We had Milo on or in just about anything sweet and creamy when we were growing up. Ice-cream, milk, cake recipes, you name it. It was usually in there.
This trusty delicacy is one of our true national food icons! With most Australians being made of the stuff!

Check out my milo pudding recipe here
Our native hosts have damper that is somewhat of an icon! Apart from that, though, Vegemite is about all else that is uniquely Australian that comes to mind.
Just about everything that we call our own, from parmigiana to pavlova, Sunday roasts, or rissoles with gravy, these can all be traced back to cultures from other regions in the world that migrated here at one point or another.
Schnitzels are German, Europe has been eating everything with bread since before Spartacus was slashing it up over the Italian countryside, rissoles with mash and gravy was brought over from the Queens state back in the day with the convicts.
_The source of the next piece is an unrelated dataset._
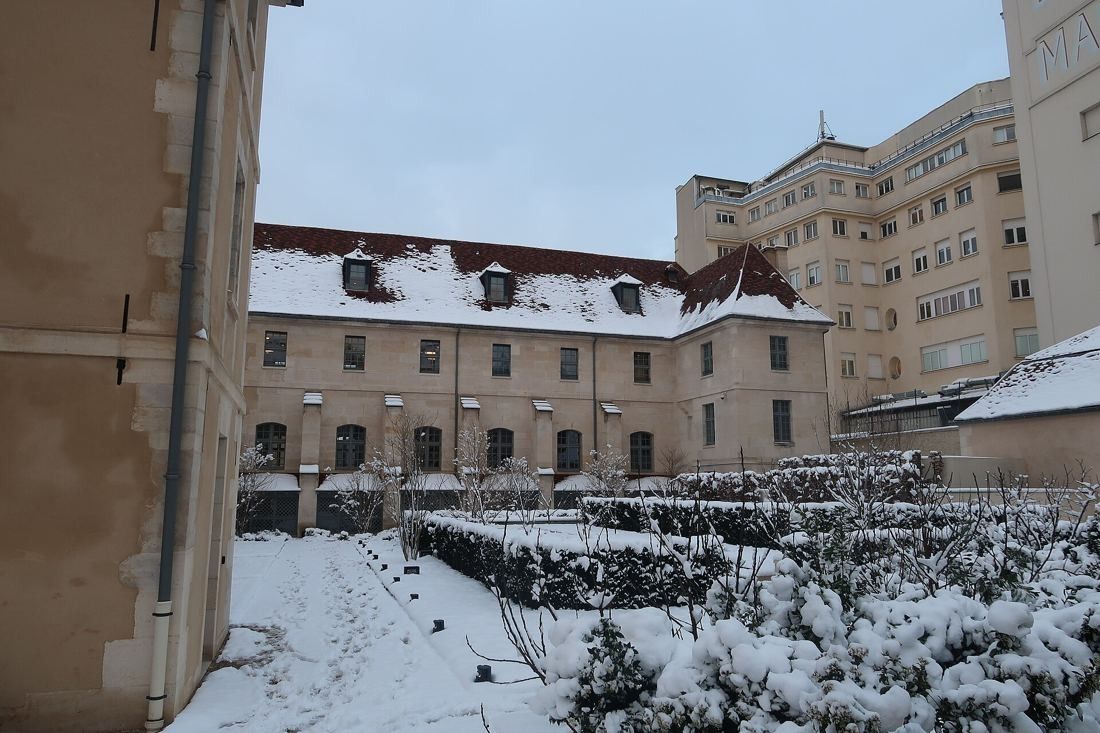 Kering: Courtyard garden covered in snow in front of a stone wing
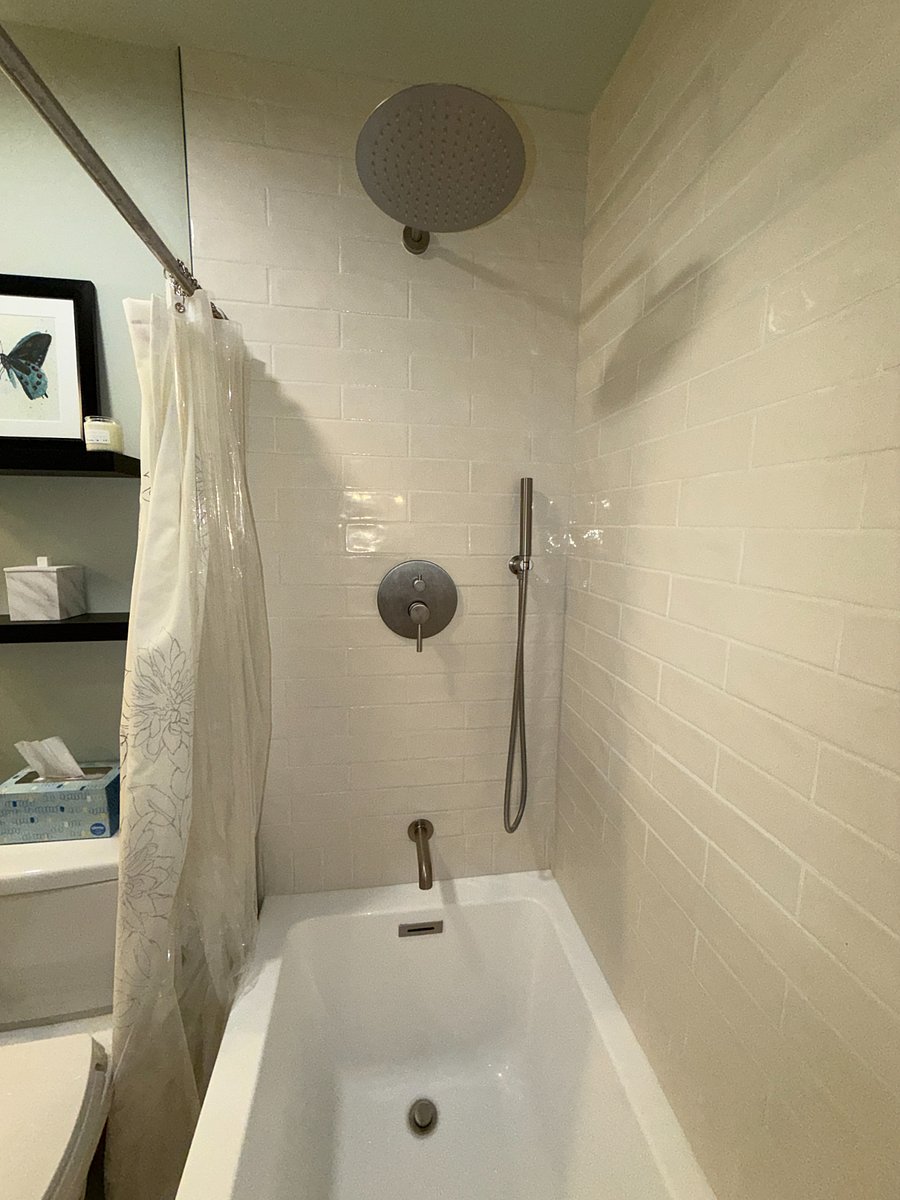 Second Bathroom with rain shower and tub.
We are a nation of immigrants, and so is the food here.
This delicacy was created by a chemist and inventor named Thomas Mayne way back in 1934, and he named it after some historical tough dude slash athlete remembered as ‘Milo of Croton.’

My profession affords me a skill set that allows me to mix, blend, and twist anything that I want customers to consume and hopefully enjoy.
It doesn’t always work out the way I plan it, yet I’m sparcly discouraged.
Practice, practice practice, and then practice some more is the way of any other chef worth his pearly white jacket!
F%$k what the haters say. Their really just scared and lack the clout to try something themselves.
I’ve never really tried to try to play much at work with Milo until a couple of years ago!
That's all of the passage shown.